Hannah, who has been researching the climate change impact on crops such as coffee and wine as well as bees, which are crucial to agriculture, says the emissions impact will come down to Russia and Canada. “You only have to get policies right in two places. Stop seeing these northern areas as wastelands that need to be subsidised to be developed,” he says.
Governments need to start focusing on sustainable development, otherwise “we’re costing ourselves”, he adds. “There is a responsible [way to] increase food production that minimises climate change damage, and there is unplanned, irresponsible [subsidised] agricultural sprawl that endangers the planet. We want the former!”
Researchers warn that the shift in the climate will have a disproportionate impact on the food security of poorer countries. Many of those nations that never experienced the “Green revolution” of the 1960s — when crop output in developing countries increased thanks to new varieties and a wider use of pesticides and fertilisers — will be hit the hardest, says Paolo Agnolucci, a researcher in energy and resources at University College London.
Using data models for 18 crops, including wheat, corn and rice, Agnolucci and his colleagues found that countries which already enjoyed high yields for a certain crop tended to benefit from a 1C rise in temperature, while countries with a less efficient agricultural sector will be hit harder. Wheat production in Germany, for example, would rise about 3 per cent if temperatures rose 1C, but would fall about 7 per cent in Egypt, a large wheat consumer.
“These are exactly the results we didn’t want to see,” he says, adding that to avoid a food security crisis, technology and skill transfers as well as funding for smallholder farmers would be crucial for these countries and “should be part of the policy discussions”.
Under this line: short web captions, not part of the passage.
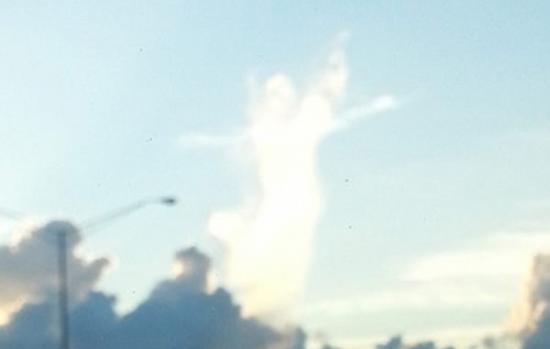 美国佛罗里达州天空的“天使云”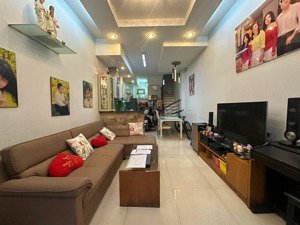 bán nhà quận 8 chánh hưng .65m2 xe hơi đỗ cửa.vị trí đẹp .trung tâm quận 8 tạ quang bửu .nhỉnh 9 ty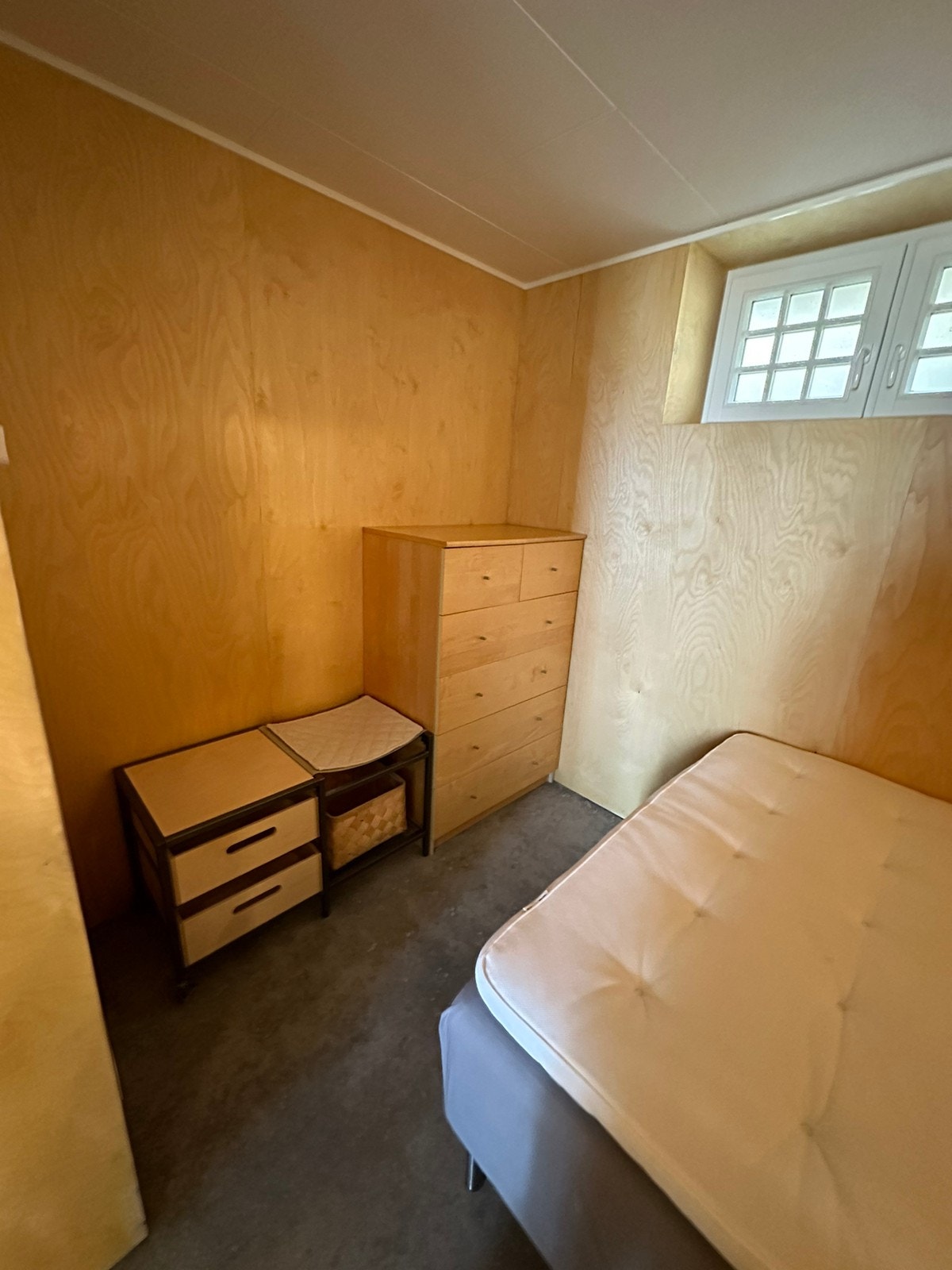 Garderobe Galleribilde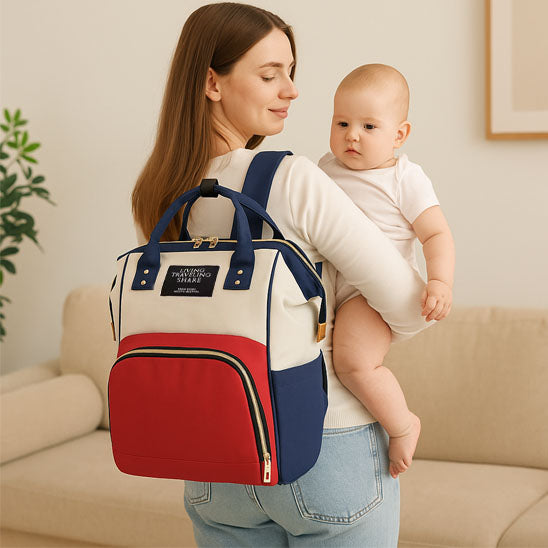 Maman et bébé avec le sac à langer bleu rouge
Back in Italy, while climate change has brought its benefits to some farmers, it has also wreaked havoc on the livelihoods of others.
“The increase in temperatures is changing our work with the crazy seasons and extreme weather events [which are becoming] more and more frequent,” says Coldiretti’s Prandini, adding that in 2020 “there were on average four extreme weather events per day in Italy including storms, hail, heatwaves and tornadoes”.
Sicilian avocado farmer Passanisi says that dealing with the new climate uncertainties is tough. “It manifests itself with the seasons that do not respect their [own] characteristics,” he says, noting that the “winter” in Sicily, which used to arrive in December, now comes in February, and the autumn rains were now coming months before that. “I started the idea [of growing tropical fruits] with climate change in mind, but then I realised the uncertainties that climate change [brings],” he says.
The Mediterranean is a climate change hotspot, with southern European to north African countries facing severe declines in rainfall over the next few decades, according to scientists.
“Temperatures in Sicily have been increasing, but at the same time, there has been a decrease in rainfall. The increase in temperatures means you can grow tropical fruits like mango or kiwi, but these crops are very water demanding.” With some exceptions, Sicily’s agricultural areas need irrigation, presenting a big problem, says Viola.
At the Kent wine estate, Warde is also wary of unpredictable weather patterns after an unusually cold start to spring in the UK, followed by a month of rain.
Yet he remains sanguine about the volatility. “We’re learning all the time,” he says, adding: “You have an extremely cold April, and a wet May, but you put that into a milkshake machine, and as my father says, ‘it all evens out in the end’.”
He remains confident of the long-term future of the business, noting: “I wouldn’t have planted the vines if I didn’t think it was going to be around for the next 100 years.”